__Recorded information__.
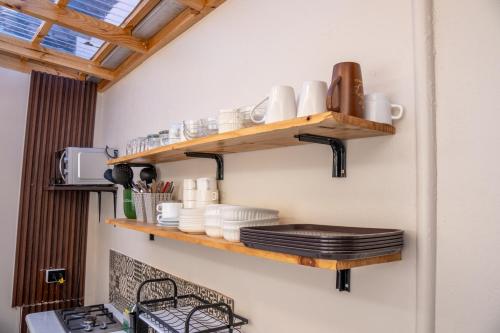 a kitchen with wooden shelves on the wall at Hotel Boutique El Parque in Concepción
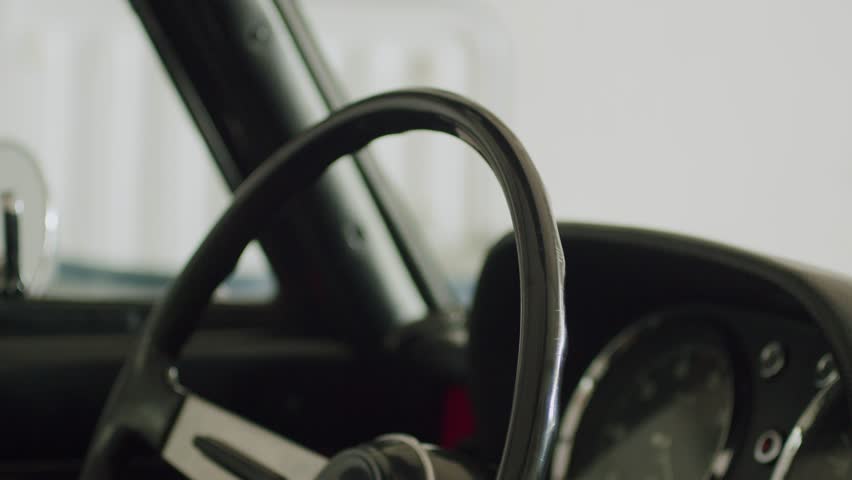 Old Alfa Romeo steering wheel with hands on it 4k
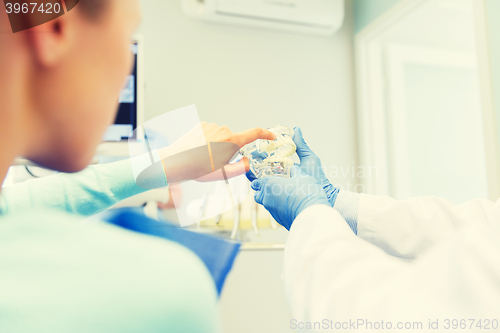 Image of close up of dentist with teeth model and patient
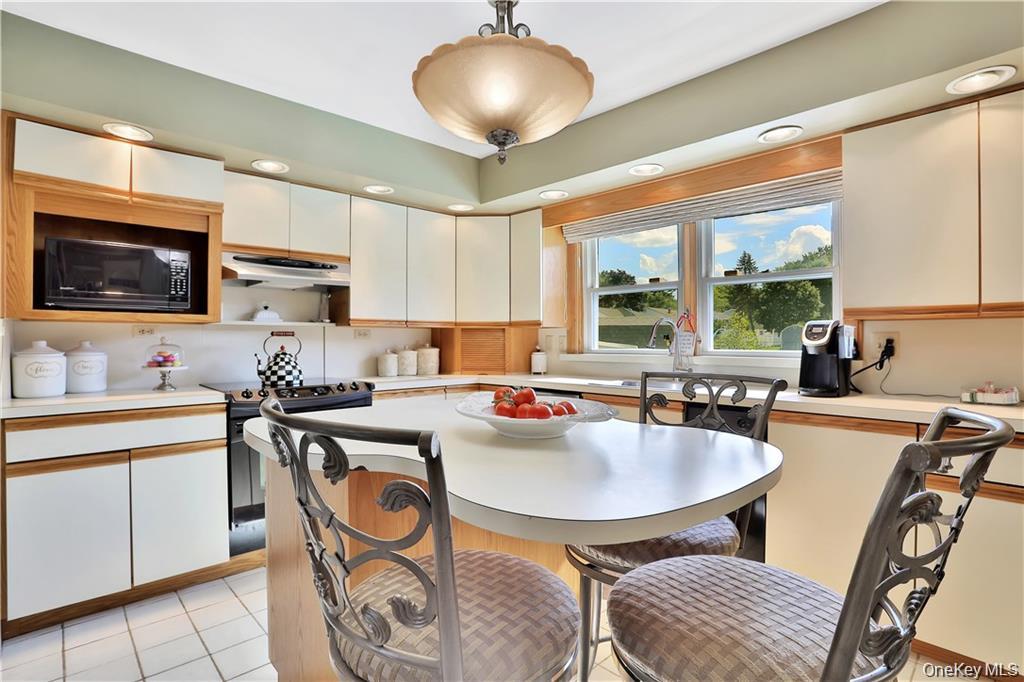 2 Split Tree Drive New Windsor, NY 12553 - Photo 20 of 36 Kitchen with black appliances, light countertops, white cabinets, hanging light fixtures, and a breakfast bar area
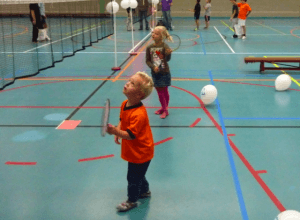 2 kleine kindjes aan het badmintonnen in een sporthal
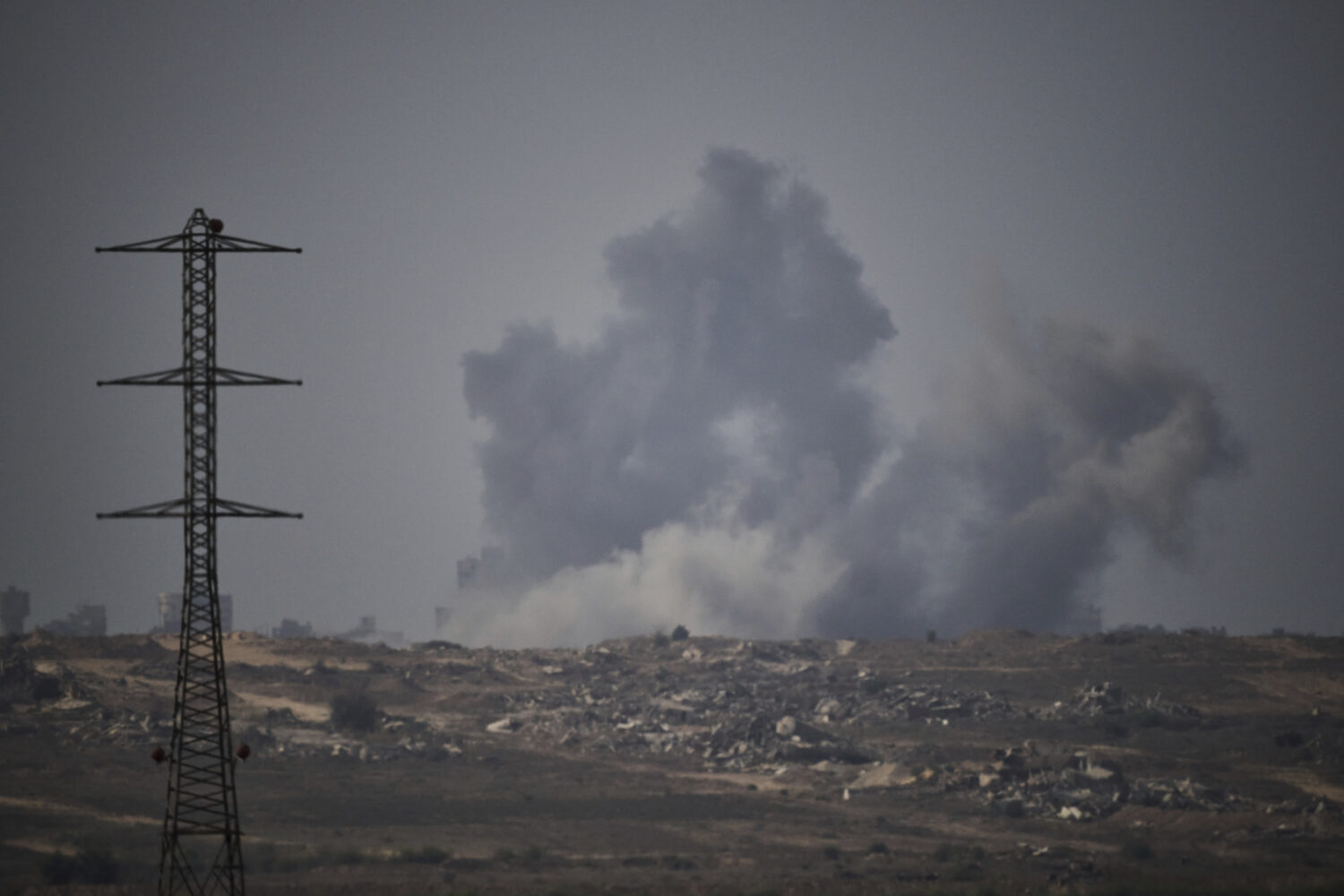 Smoke rises to the sky following an Israeli military strike in the Gaza Strip, as seen from souther...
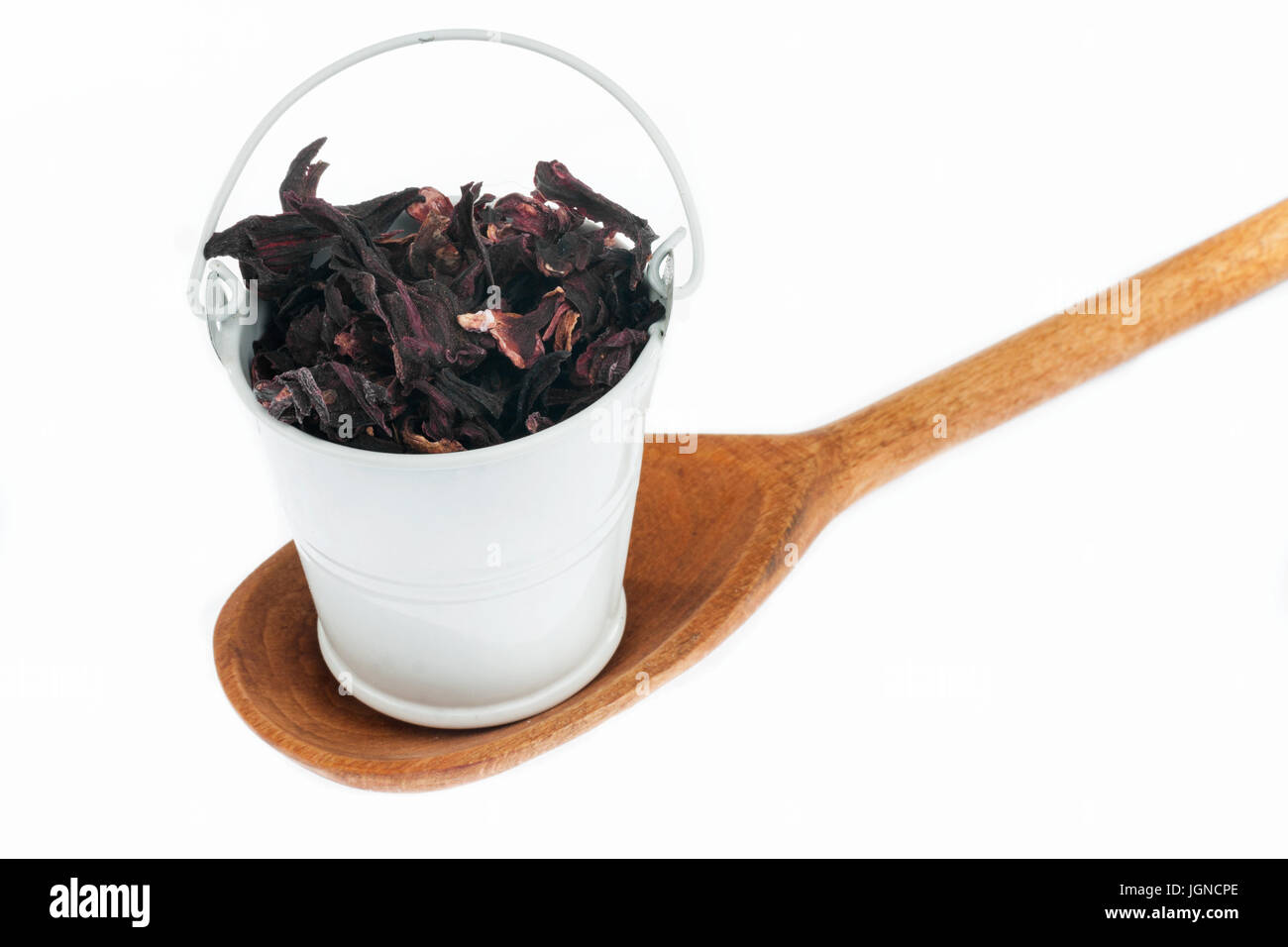 Full bucket of dry hibiscus stands in a wooden spoon. The concept of food. Stock Photo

__Aim of the exercise__. Out of the records above, set down only the lines from the one that contains "2 Split Tree" through the one that contains "Smoke rises to", unchanged and without the pictures.

__Output below__.
 2 Split Tree Drive New Windsor, NY 12553 - Photo 20 of 36 Kitchen with black appliances, light countertops, white cabinets, hanging light fixtures, and a breakfast bar area
 2 kleine kindjes aan het badmintonnen in een sporthal
 Smoke rises to the sky following an Israeli military strike in the Gaza Strip, as seen from souther...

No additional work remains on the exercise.